CBŚP przejęło nielegalną fabrykę papierosów na Dolnym Śląsku
Ponad 18 mln papierosów i 25 ton tytoniu zabezpieczyli policjanci w nielegalnych fabrykach papierosów na Dolnym Śląsku.
Jak poinformowało Centralne Biuro Śledcze Policji gang, który zajmował się produkcją mógł spowodować wielomilionowe straty dla budżetu państwa.
Fabryka, którą zajęli policjanci była wyposażona w kompletną linię produkcyjną i linię do pakowania o dużej wydajności.
O szczegółach akcji policji – mówi komisarz Agnieszka Hamelusz, rzecznik prasowy komendanta CBŚP.
– Policjanci Centralnego Biura Śledczego Policji współdziałając ze strażą graniczną i izbą celną dotarli zarówno do hal produkcyjnych jak i magazynów grupy przestępczej. Tutaj wstępnie straty Skarbu Państwa z tytułu działalności nielegalnej fabryki szacujemy na ponad 16 mln złotych. Ta akcja miała miejsce w kilku miejscach jednocześnie. Policjanci dotarli między innymi do hali produkcyjnej, która znajdowała się w małej miejscowości w powiecie polkowickim, jak również do hal magazynowych, gdzie przechowywany był tytoń do produkcji. Natomiast tam, gdzie znajdowały się przeładowywane papierosy, gdzie miały w konsekwencji miały trafić do krajów Europy Zachodniej to mała miejscowość Psary pod Wrocławiem, gdzie były pakowane gotowe papierosy do tirów przewożących margarynę – zaznacza Agnieszka Hameleusz.

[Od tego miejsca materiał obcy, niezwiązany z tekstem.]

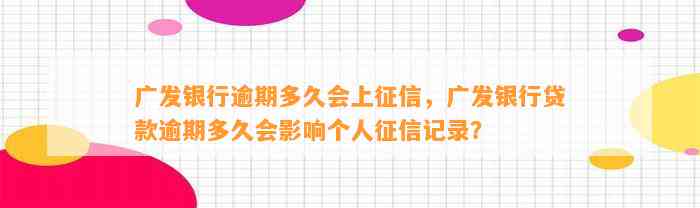 广发银行逾期多久会上征信，广发银行贷款逾期多久会影响个人征信记录？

Dotychczas w sprawie zatrzymano 15 osób, w tym siedmiu obywateli Ukrainy.
Dziewięć osób usłyszało już zarzuty udziału w zorganizowanej grupie przestępczej. Pozostałym grozi kara do trzech lat więzienia za przestępstwa karno-skarbowe.
W tym roku policjanci zlikwidowali już dwudziestą nielegalną fabrykę papierosów. Po wyprodukowaniu papierosy takie najczęściej są przemycane na Zachód.